死者との結婚(その17)
やっとカフカの「変身」を読み終えた。
グレゴール・ザムザの悲惨な人生の結末を、これから先のじぶんの人生に重ね合わせて胸塞がれる思いがした。
しばらく暗い天井の片隅を見上げてぼんやりしていると、コール音がして携帯の画面に「たすけて」のひらがな4文字が表示された。
「どこ?」
恋焦がれる恋人のメッセージに、震える手で携帯を握りしめて瞬時に折り返した。
「かわごえ」
桜子は退院して家にもどったのだろうか?
どうしたらいいのか何も考えられなかった。
ただ胸の激しい動悸が止まらない。
GPSの矢印はたしかに川越あたりを指している。
「退院したの?」
「とっくに」
「よかったね」
「なにが?」
「退院できて」
「よくない」
「どうして?」
「いえにいるとちちおやにころされる」
これでは、ひと晩中交信を繰り返す果てしないチェーンメールのやりとりになりそうだ。
・・・それはそれでいい。
「まさか。

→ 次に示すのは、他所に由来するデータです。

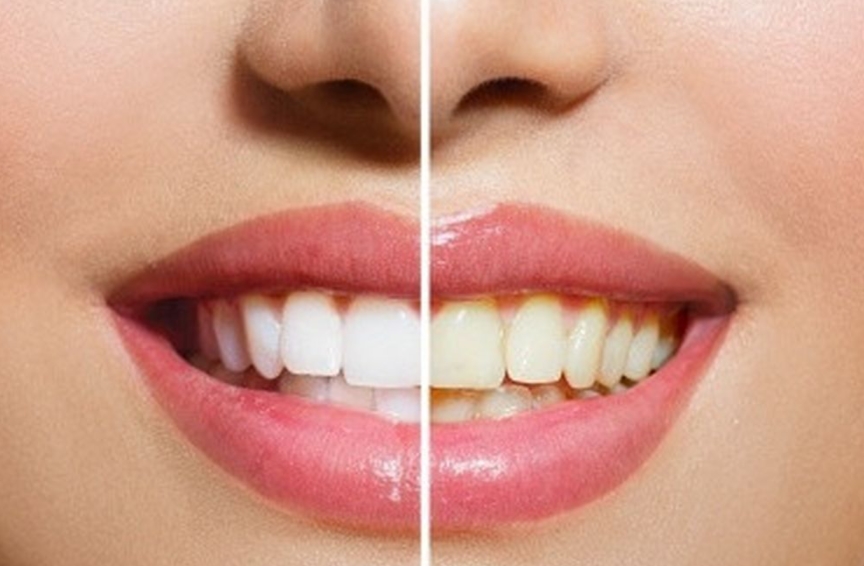 Cara Memtihkan Gigi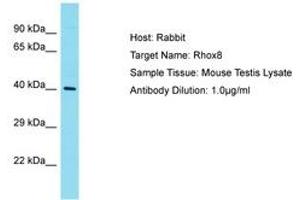 Image no. 1 for anti-Reproductive Homeobox 8 (RHOX8) (N-Term) antibody (ABIN6750248) (RHOX8 抗体  (N-Term))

君のお父さんでしょ」
「おかあさんのさいこんあいて」
「教祖だよね」
「いんちきしゅうきょう」
「いんちきねえ」
「ひどいいんちき」
「そうなの?」
「おかあさんはあいつにころされた」
「まさか」
「わたしもころされる」
これは、おだやかではない。
「おねがいたすけにきて」
時計を見ると、0時35分だった。
電源を切った可不可は、目を閉じてスフィンクスのようなかっこうで部屋の片隅で寝そべっていた。
桜子のGPSの位置情報と鍬形の教会の住所情報を重ねるとぴたりと合った。
家をそっと抜け出すと、ガレージからオンボロ車を引き出し、ともかく川越目指して車を走らせた。